Created on 11-24-2016 03:37 PM - edited 09-16-2022 03:49 AM
The situation I have is the need to keep a NoSQL data store in sync with a legacy database with minimal intrusiveness on the operational legacy environment. Only selected entries in the legacy database need to be propagated to the NoSQL database with some data transformation/enrichment.
I'm considering using NiFi for this scenario. My thought is to use TailFile processor to 'tail' the legacy database log file and have it act only on certain file entries. Conceptually, the filtering could be done via the Expression Language. Does NiFi TailFile Processor support Expression Language to filter the file entries of interest? If not, how else can this be done?

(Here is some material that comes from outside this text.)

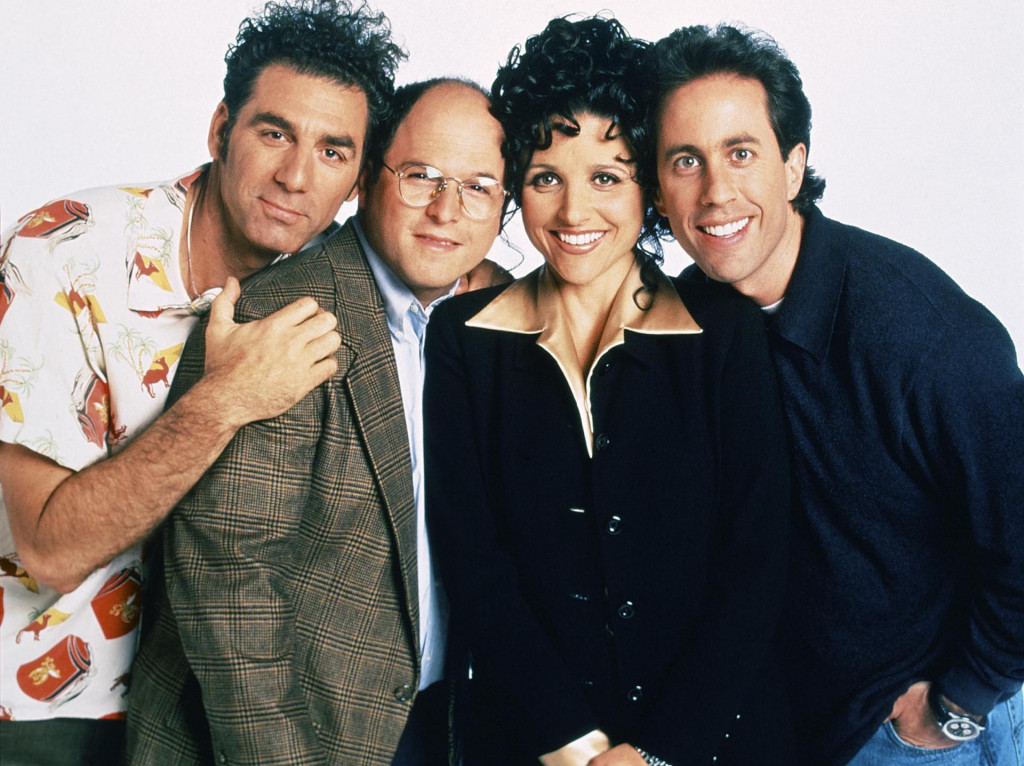 Genijalna četvorka - otkačeni Kramer, nesigurni George, simpatična Elaine i Jerry koji cijelu ekipu drži na okupu&lt;br /&gt;
&lt;br /&gt;
&lt;br /&gt;
 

Thanks for your help in advance!
Created 11-26-2016 02:50 PM
Big picture
You can use regular expressions also called regex to do this (not expression language). One of the core use cases of NiFi is in fact to filter files on content, or route files on content, or make decisions based on content. The TailFile is used to generate content, but the next downstream processor filters/routes/decides on content. Commonly used processors here are: ExtractText or RouteText (or ReplactText). All of these use regular expressions to match contents of the file. Typically you want to work on a line-by line basis, so you put a SplitText processor before these.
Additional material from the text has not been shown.